> _EXERCISE DIRECTIONS_: Exactly the lines below from the one with "50*70cm Kitchen Reusable" up to and including the one with "through a foramen" make up the answer, with nothing else added.

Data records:
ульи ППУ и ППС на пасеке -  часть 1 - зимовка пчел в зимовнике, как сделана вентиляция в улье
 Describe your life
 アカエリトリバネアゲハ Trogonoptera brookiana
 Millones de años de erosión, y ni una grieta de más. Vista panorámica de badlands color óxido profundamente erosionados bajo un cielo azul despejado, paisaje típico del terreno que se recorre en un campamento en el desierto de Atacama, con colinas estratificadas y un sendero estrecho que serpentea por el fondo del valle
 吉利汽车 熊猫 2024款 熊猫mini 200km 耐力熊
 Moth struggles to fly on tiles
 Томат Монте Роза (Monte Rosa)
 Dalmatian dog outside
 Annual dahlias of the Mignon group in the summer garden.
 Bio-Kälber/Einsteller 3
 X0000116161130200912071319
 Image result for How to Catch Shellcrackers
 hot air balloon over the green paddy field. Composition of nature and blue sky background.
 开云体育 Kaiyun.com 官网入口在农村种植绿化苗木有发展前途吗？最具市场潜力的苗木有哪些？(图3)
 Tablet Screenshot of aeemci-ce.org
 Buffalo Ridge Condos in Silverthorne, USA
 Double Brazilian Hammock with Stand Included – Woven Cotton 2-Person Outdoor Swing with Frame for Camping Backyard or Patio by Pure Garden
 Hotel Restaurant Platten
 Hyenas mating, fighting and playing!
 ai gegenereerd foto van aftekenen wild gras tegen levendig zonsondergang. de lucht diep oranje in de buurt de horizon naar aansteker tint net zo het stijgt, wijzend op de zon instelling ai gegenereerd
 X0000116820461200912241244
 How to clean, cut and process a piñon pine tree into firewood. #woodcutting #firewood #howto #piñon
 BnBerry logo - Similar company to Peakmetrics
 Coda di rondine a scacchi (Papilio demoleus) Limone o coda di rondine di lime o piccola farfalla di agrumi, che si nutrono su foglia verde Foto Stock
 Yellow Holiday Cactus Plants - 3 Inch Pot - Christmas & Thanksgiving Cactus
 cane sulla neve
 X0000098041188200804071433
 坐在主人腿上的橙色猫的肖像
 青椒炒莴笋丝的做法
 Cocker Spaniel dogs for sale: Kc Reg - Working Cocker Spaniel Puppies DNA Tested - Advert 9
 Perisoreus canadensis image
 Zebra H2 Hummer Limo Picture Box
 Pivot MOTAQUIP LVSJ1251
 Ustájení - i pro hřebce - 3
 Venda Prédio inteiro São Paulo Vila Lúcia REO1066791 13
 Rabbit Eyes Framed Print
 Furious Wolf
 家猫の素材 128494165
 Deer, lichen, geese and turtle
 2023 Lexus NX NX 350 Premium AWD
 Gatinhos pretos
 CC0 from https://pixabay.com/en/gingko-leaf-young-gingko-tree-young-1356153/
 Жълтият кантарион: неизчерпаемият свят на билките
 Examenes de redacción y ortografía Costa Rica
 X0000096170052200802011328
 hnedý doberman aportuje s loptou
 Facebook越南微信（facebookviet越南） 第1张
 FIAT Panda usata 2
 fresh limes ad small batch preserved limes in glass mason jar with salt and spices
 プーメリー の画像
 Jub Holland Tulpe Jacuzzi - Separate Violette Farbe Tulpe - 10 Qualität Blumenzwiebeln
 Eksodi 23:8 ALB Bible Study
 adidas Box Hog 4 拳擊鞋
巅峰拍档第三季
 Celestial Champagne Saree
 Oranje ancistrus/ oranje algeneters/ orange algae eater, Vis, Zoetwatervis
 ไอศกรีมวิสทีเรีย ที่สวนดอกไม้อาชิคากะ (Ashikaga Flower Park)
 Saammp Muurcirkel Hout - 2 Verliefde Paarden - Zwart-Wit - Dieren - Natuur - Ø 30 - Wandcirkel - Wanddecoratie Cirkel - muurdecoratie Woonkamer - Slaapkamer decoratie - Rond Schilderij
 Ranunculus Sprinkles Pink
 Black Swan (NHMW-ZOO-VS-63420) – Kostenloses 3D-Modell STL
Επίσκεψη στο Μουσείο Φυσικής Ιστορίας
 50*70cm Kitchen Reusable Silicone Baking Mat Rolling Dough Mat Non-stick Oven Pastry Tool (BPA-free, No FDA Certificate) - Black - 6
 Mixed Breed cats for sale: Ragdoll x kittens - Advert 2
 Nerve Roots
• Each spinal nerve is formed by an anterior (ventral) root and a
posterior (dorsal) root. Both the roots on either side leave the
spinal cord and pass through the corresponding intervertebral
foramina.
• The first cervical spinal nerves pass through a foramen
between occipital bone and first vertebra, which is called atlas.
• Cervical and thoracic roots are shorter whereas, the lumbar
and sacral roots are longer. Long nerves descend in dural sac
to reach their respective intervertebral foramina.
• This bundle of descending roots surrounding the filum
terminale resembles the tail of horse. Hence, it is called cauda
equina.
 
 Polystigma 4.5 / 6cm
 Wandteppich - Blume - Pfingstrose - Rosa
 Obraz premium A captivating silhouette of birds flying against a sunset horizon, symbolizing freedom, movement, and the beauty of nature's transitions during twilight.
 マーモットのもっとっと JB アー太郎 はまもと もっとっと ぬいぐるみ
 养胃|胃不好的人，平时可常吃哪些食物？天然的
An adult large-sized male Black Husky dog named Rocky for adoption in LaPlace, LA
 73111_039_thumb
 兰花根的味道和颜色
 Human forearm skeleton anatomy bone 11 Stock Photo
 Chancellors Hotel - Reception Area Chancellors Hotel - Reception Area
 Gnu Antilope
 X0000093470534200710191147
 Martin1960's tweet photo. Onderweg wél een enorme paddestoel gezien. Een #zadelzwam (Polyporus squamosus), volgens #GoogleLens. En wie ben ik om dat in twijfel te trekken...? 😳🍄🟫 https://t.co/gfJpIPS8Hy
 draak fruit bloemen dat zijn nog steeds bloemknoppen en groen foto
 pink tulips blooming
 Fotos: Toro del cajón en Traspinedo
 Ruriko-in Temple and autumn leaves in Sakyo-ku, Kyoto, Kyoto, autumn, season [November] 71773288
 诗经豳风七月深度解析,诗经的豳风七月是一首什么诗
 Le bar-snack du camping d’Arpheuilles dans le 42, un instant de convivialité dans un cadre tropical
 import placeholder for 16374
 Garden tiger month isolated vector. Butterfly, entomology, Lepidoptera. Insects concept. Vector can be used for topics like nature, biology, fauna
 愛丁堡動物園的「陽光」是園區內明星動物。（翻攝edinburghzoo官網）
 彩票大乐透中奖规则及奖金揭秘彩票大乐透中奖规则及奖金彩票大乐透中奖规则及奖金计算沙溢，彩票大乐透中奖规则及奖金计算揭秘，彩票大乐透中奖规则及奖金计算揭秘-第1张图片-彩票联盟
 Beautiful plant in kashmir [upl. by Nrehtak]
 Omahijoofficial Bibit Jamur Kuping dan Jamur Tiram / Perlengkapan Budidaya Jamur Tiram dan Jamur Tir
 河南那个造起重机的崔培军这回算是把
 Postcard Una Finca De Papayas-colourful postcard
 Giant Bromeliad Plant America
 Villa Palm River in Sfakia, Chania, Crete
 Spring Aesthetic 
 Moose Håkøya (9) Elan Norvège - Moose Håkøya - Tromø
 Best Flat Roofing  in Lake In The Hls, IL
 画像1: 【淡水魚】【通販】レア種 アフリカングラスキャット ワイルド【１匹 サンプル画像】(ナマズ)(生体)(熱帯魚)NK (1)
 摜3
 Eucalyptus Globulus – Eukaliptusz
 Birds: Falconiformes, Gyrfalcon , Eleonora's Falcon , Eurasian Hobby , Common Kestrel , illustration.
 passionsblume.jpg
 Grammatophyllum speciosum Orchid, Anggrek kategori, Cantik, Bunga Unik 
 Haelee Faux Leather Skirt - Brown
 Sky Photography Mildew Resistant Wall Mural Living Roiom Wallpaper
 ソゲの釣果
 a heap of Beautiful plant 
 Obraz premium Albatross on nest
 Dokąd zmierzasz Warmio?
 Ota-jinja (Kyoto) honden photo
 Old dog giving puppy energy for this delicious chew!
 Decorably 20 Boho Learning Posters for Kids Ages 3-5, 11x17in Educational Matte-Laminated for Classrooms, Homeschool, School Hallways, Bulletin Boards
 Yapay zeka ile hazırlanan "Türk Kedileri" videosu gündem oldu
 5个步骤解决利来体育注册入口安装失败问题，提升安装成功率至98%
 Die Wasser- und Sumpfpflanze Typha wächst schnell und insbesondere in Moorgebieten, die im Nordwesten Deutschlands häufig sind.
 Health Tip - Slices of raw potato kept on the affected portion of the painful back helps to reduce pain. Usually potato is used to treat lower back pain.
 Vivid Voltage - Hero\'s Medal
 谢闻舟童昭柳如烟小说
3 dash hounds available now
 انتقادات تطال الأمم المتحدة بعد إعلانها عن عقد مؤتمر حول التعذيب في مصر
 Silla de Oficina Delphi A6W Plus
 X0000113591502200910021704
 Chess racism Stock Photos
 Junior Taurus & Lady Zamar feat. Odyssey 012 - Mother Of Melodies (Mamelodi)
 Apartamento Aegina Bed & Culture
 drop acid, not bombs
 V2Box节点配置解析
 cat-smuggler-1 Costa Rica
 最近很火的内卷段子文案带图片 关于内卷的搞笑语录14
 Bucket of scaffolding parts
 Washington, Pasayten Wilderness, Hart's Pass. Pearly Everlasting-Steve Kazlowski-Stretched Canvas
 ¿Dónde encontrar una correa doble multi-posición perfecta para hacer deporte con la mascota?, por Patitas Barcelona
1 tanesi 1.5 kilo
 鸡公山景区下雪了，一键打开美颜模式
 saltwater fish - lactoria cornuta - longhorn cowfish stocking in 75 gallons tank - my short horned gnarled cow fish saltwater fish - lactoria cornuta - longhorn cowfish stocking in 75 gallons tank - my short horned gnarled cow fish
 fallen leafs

> _WRITTEN SOLUTION_:
 50*70cm Kitchen Reusable Silicone Baking Mat Rolling Dough Mat Non-stick Oven Pastry Tool (BPA-free, No FDA Certificate) - Black - 6
 Mixed Breed cats for sale: Ragdoll x kittens - Advert 2
 Nerve Roots
• Each spinal nerve is formed by an anterior (ventral) root and a
posterior (dorsal) root. Both the roots on either side leave the
spinal cord and pass through the corresponding intervertebral
foramina.
• The first cervical spinal nerves pass through a foramen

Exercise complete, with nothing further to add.